After the failure of the trader-friendly Tajir Dost scheme, Pakistan has introduced a strict new strategy to boost tax collection from the retail sector under mounting pressure from the International Monetary Fund (IMF) to curb the cash economy and accelerate trader documentation.
According to official documents, the IMF has demanded urgent measures to reduce cash-based transactions and speed up the registration of wholesale and retail traders, linking these reforms to Pakistan’s broader economic stabilisation programme. The global lender has stressed that improved documentation is critical for sustainable revenue growth.
The government has set ambitious tax targets for the sector. A revenue goal of Rs517 billion from traders has been fixed by March 2026, while Rs707 billion in income tax is to be collected from large retailers by June 2026. These targets are part of the Federal Board of Revenue’s (FBR) revised annual tax collection target of Rs13,979 billion.
FBR documents show that non-filer retailers will face fines and legal action, with authorities planning to intensify pressure on unregistered traders while offering incentives to compliant businesses. Retailers remaining outside the tax net may also face enforcement actions under existing laws.
To strengthen sales tax collection, the government has made digital receipts and Point of Sale (POS) systems mandatory. A digital invoicing system will become compulsory for traders with an annual turnover of Rs500 million by June 2026. Currently, POS systems cover 38 percent of large retailers, with plans to expand coverage to 40,000 major outlets within two years.
Under the new framework, retailers will be monitored through bank accounts and utility bills to better detect tax evasion. Official documents also reveal proposals to disconnect electricity and gas connections of shopkeepers who fail to meet tax obligations, signalling a tougher enforcement phase.
The FBR has accelerated field surveys to identify undocumented businesses, while remote monitoring systems have been activated in sectors such as cement and sugar to prevent revenue leakage.

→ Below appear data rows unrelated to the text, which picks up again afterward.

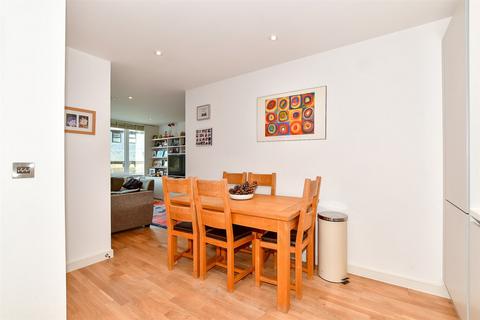 2 bedroom ground floor flat for sale - Chart Way, Horsham, West Sussex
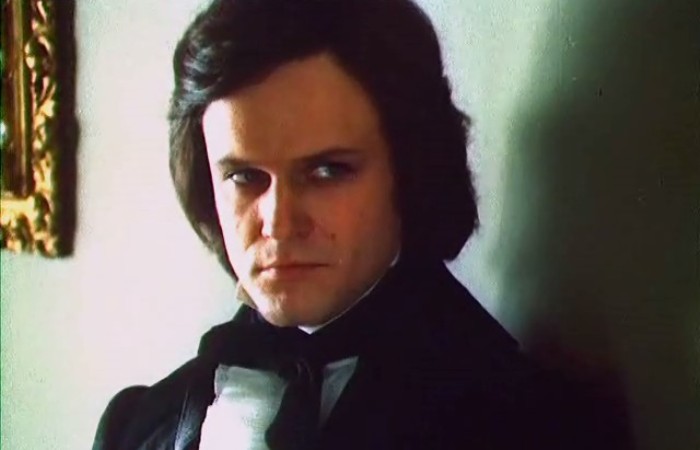 Кадр из фильма *Красное и черное*, 1976 | Фото: kino-teatr.ru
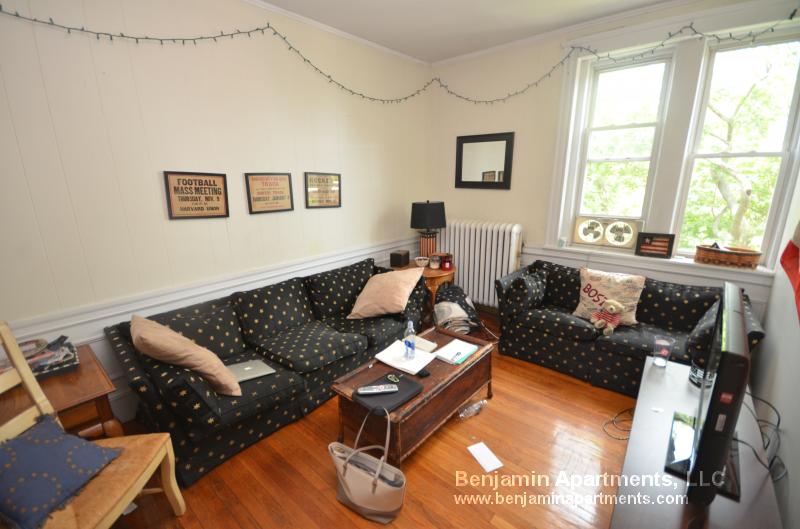 3 bed, 1 bath apartment for rent at 73 Egmont St Unit 5, Coolidge Corner — photo 3 of 12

As part of IMF-backed reforms, the government aims to add one million new income tax filers by June 2026, increasing annual return filers from 5.2 million to 7 million. Provincial governments have also been tasked with raising tax collections to Rs785 billion by March 2026 and Rs1,190 billion by June 2026.
Following the collapse of the voluntary Tajir Dost scheme, officials say the shift toward enforcement-led reforms is unavoidable to stabilise Pakistan’s finances and meet IMF commitments.